This post is part of a serialized collection of chapters composing my recently completed Master’s of Education degree at the University of Victoria. You can access the other chapters on this site here, and access a pdf of the completed paper on the University of Victoria library space here.
This project explores the intersection of citizenship and education in the digital age to produce a framework to support learning communities in process on the open web. Throughout, the intention is to cultivate opportunities for students to document the development of their own voice and agency within democratic contexts. Building on research conducted into youth voter engagement and their (lack of) participation in democratic processes, theoretical work around the cultivation of a ‘critical’ citizenship, and recent scholarship in open and digital pedagogy, the unit framework described here seeks to contribute to the creation of a vision for 21st century citizenship learning in the K12 school system. The assignments presented here have been conceived to promote learning that is of the age of the web, not merely on the web. Digital pedagogies are presented as lenses through which learners (students and teachers) can reflect and represent individual responses to existing curriculum generated through classroom activities. Drawing on the traditions of constructivism and an emergent view of knowledge, the project explores the possibilities offered by technology to create opportunities for 21st century citizenship learning.
The project reflects my own learning as a public and networked educator as documented in five years’ work online with a professional blog and social media presence, an experience which has helped form the approach guiding my use of technology to support student-learning. The unit framework shared here is intended to present a conception of teaching and learning for critical citizenship in the digital age on the open web.
Learning in public: The networked professional.
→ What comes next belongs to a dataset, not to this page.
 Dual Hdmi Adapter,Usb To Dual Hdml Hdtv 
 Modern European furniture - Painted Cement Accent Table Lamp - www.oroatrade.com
Six years and several thousand posts ago, I began documenting and publishing my life and learning on a public blog and across various social media: Twitter, Flickr, Youtube, Instagram, and others. Despite an undergraduate education in creative writing, and experience with “closed” social sites such as Facebook, I quickly discovered the empowering benefit of publishing my thinking and reflections on both professional and informal learning on the public web. By engaging with a global dialogue about matters educational (as well as political, personal, and otherwise), and gaining a familiarity with the diverse means that allow me to share my voice in these discussions, I have seen first hand the potential for open learning practices to transform one’s professional autonomy, as well as to amplify questions posed in the process of student-driven classroom inquiry. This project reflects my own learning and values about the process of transformation, and presents a praxis of student learning in the unit framework which follows. Additionally, it invites educators to consider their own digital citizenship and identity alongside those of their students.